Aim of the task
Skip all lines in the entries below that come before the one containing "Photo of Kitchen in Windsor". Repeat that line and the rest exactly.

Material shown
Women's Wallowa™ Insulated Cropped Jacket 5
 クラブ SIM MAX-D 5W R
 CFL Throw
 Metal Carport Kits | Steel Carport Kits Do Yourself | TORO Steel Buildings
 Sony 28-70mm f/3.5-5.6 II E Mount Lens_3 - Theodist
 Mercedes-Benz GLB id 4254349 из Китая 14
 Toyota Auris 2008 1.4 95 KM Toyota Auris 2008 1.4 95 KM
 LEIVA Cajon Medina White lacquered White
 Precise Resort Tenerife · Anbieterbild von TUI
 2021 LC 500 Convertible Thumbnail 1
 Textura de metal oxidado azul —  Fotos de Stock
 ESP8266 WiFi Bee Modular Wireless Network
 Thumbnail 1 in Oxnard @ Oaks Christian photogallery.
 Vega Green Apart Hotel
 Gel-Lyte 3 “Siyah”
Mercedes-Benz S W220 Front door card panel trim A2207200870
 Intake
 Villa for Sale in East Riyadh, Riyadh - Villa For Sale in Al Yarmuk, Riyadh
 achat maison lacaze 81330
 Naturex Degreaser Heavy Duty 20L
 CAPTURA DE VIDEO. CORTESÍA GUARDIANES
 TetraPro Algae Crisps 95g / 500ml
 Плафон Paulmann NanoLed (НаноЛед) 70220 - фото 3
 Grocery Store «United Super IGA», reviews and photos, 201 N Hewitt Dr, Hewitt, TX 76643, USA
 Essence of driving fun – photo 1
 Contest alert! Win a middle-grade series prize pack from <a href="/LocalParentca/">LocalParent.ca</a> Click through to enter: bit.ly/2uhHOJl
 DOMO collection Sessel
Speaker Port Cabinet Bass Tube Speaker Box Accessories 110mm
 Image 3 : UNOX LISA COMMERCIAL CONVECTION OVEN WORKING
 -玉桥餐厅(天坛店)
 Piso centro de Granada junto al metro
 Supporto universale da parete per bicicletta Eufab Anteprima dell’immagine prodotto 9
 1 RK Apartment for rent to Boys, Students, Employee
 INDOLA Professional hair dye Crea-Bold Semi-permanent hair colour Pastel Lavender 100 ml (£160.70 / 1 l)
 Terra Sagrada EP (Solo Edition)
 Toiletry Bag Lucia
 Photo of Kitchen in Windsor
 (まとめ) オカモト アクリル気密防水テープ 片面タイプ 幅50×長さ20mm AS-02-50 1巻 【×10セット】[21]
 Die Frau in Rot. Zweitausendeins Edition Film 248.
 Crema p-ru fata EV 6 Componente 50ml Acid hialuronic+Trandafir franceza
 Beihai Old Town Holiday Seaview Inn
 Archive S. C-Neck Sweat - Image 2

Result of the exercise
 Photo of Kitchen in Windsor
 (まとめ) オカモト アクリル気密防水テープ 片面タイプ 幅50×長さ20mm AS-02-50 1巻 【×10セット】[21]
 Die Frau in Rot. Zweitausendeins Edition Film 248.
 Crema p-ru fata EV 6 Componente 50ml Acid hialuronic+Trandafir franceza
 Beihai Old Town Holiday Seaview Inn
 Archive S. C-Neck Sweat - Image 2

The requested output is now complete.